As we subscribe to the Acquia Network I received an email this morning detailing some important security updates to the Drupal core. I was particlarly impressed with the speed at which Acquia had made the updates available. As described in a previous post, I’ve setup svn to manage our Drupal servers, so now was a good time to see if the process worked in real life.
Having a quick scan through the security advisories for Drupal it was claer that these issues need to be addressed. I headed over to Acquia downloads and selected the Acquia Drupal upgrade (.zip) download as this just contained the files that had been updated.

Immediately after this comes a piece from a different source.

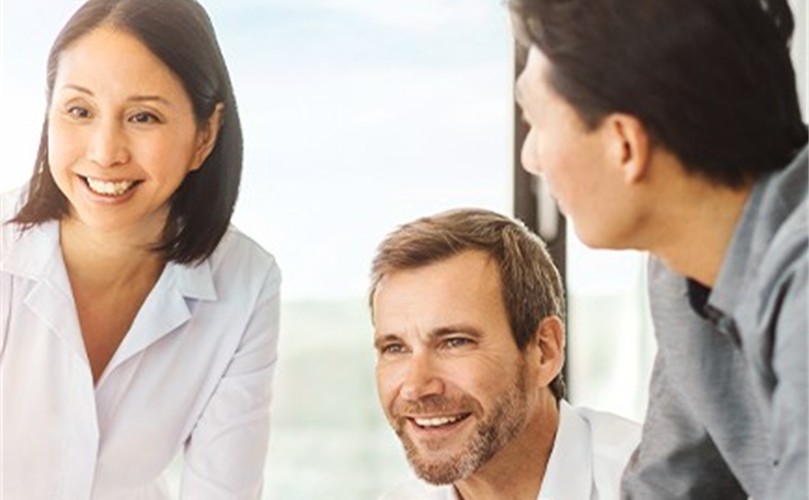 Three people engaged in conversation while seated around a table.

Once I’d extracted the files I read the UPGRADE.txt for details of what to do.
Next job was to backup the existing site and database files. Although I could recover from svn if I needed to, I’m a bit paranoid about upgrades, so having local copies never hurts. I put the site into offline mode and zipped all the the apache doc root. Next I used the handy backup and migrate module to perform a manual backup of the database. (I also use this for scheduled backups every 12 hours.)

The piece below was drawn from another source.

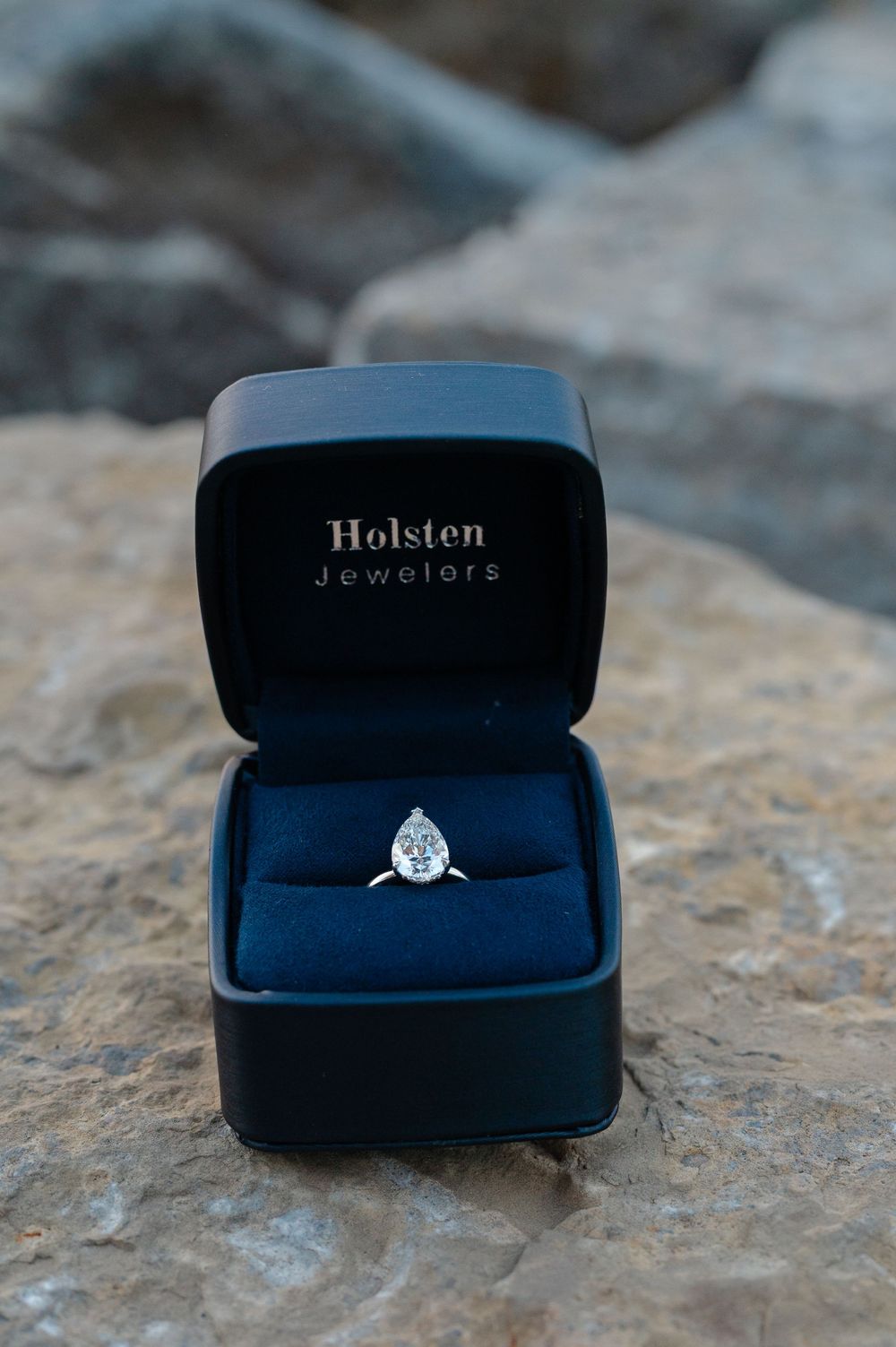 Pear-shaped diamond solitaire engagement ring in black Holsten Jewelers ring box on rocks.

Just to make sure I was up to date with my svn repo I also ran svn status in my apache root directory – all good.
Time to upgrade, so I stopped apache and MySQL and copied over the updated files into my apache root directory. Once I’d restarted apache and MySQL I logged in to make sure everything looked OK and it was. I also noticed on the system status screen that a couple of modules (ChaosTools and Panels) had updates, so I downloaded and installed these as well. As suggested in the UPGRADE.txt I ran update.php and cron.php before putting the site abck online. Everything was working as expected, so I committed the changes to the svn repo.
I then repeated shutdown and backup process on the live server and ran svn up in my apache root. It’s incredible that those 2 little words do so much! The development server was now updated and all my code was in sync. After resrting the services and running update/cron and a few test it was all done. The whole process too less time than writing it up in this post, which is nice.